Learning Leadership column for eSchool News, April 2011—Where are we going? What’s going to happen? Those are legitimate questions regarding the future of public education in America.
Back in the summer of 2008, when I first started work as executive director of the American Association of School Administrators, the future seemed bright. We were in the midst of a presidential election and, regardless of who won the election, changes were bound to happen. Both Democrats and Republicans seemed disenchanted with No Child Left Behind, and both candidates promised changes to some degree. Then the unthinkable happened: the bottom fell out of our economy and we entered the Great Recession. Mr.
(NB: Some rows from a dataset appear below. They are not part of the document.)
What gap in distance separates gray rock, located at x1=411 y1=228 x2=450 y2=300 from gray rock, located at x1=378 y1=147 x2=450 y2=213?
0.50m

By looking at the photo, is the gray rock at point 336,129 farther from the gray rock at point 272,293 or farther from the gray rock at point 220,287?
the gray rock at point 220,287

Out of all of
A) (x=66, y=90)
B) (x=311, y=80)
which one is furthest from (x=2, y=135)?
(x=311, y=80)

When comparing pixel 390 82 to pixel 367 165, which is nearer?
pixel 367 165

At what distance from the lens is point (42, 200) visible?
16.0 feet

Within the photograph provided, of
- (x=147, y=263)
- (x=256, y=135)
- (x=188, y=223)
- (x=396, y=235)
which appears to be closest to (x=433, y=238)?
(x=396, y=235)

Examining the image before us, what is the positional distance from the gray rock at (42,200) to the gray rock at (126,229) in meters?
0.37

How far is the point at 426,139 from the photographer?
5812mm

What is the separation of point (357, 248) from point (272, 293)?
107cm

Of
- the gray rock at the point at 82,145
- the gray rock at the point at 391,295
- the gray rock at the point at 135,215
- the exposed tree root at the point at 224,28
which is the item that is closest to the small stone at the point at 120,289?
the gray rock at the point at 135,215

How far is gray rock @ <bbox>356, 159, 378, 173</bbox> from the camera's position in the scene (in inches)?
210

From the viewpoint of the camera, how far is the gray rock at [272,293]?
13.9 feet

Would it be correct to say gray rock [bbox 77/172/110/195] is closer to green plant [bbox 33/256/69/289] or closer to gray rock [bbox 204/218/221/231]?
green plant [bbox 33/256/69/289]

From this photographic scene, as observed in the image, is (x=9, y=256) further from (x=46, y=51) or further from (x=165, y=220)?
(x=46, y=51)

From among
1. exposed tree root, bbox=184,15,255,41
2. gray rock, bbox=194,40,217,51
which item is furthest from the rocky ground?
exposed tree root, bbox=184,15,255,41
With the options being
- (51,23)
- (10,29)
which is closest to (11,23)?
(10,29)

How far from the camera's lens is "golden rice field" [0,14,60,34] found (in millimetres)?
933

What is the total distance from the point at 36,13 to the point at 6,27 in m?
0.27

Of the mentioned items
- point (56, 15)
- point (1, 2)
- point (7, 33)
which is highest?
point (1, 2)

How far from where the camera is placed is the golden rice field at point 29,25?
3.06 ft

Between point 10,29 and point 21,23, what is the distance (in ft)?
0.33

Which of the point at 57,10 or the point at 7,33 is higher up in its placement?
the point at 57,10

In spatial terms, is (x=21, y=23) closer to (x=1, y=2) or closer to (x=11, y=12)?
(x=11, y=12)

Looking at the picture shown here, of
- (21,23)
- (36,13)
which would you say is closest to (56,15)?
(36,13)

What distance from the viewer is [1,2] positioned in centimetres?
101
Obama won the election, and immediately economic recovery became the priority of the new administration.
Linda Darling Hammond had been Mr. Obama’s chief advisor on education issues, so it was no surprise when she was selected to head the education transition team. I have known Linda since our days in New York, and I was delighted when we were invited to meet with her and her team. The discussions were robust, and we were excited by the emphasis on areas like early childhood education, teacher professional development, and the assessment of English language learners and special-education students. Talk of a plan to rescue the economy shifted our attention to providing input on education spending that would help stimulate the economy. School construction and maintenance, along with expenditures in technology infrastructure and hardware, seemed like appropriate suggestions. I recall seeing Anne Bryant, executive director for the National School Boards Association, leading a group of her members to meet with Congressional delegations while carrying little shovels that said “We have projects that are shovel ready.”
More from AASA Executive Director Dan Domenech:
Frankly, at that point we thought we were being bold by recommending an expenditure package that totaled $10 billion. That was almost as much as the prevailing education budget. Imagine our surprise when the stimulus package for education was approved at $100 billion! The American Recovery and Reinvestment Act (ARRA) did not include as much money for school construction and technology as we had first envisioned, but it did include substantial sums for Title I and IDEA funding. The states also were to receive state stabilization dollars that could be used to support education—a windfall for education the likes of which we had never seen.
The windfall never quite materialized. With increasing unemployment and real estate values plummeting, the primary sources of school districts’ revenue began to whither. At the state level, governors and legislators began to use the ARRA state stabilization dollars to supplant the allocations in their education budgets as they were faced with significant decreases in sales tax and income tax collections. Many districts saw no revenue increase as a result of the ARRA funds. At the local level, districts felt an even bigger impact as real estate values fell, bringing down assessed valuations and the school taxes they generate. On average, local taxes make up about 37 percent of a school district’s revenue, while the state contributes some 46 percent and the federal government’s contribution is just eight percent.